I first encountered Emma Donoghue’s writing two years ago after a friend recommended I pick up her uncomfortable and riveting novel, Room. I was immediately impressed by this author’s ability to tackle such a sensitive (and disturbing) topic with finesse. When I learned of her newest release, The Wonder, via Book of the Month Club, it was easy to persuade myself to select that novel.

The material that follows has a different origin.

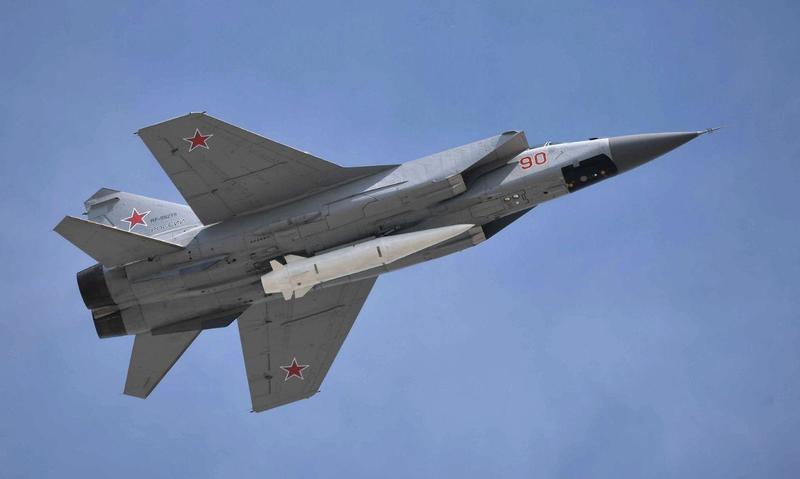 Mig russi nei cieli dell'Estonia, decollano F-35 italiani. Tallin: “Incursione brutale, senza precedenti”. Tajani: “Da Putin giochi pericolosi” /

Set in Ireland in the mid-1800s, the novel opens with its main character — no, not the title subject — nurse Elizabeth “Lib” Wright, a widow native to England and trained in the science of nursing by the renowned Florence Nightingale. Lib has been sent to Ireland for a two-week job, parameters largely unbeknownst to her. Upon arrival, she discovers she is to be a “warden” of sorts for young Anna O’Donnell, an 11-year-old girl who hasn’t partaken of food or drink (other than water) in four months. Locals — and travelers from abroad — believe the young maiden is a miracle, living according to God’s will. After her first day in the poverty-stricken country, Lib is determined to prove the child is a fraud and wash her hands of the scandal before her two weeks are up, if possible.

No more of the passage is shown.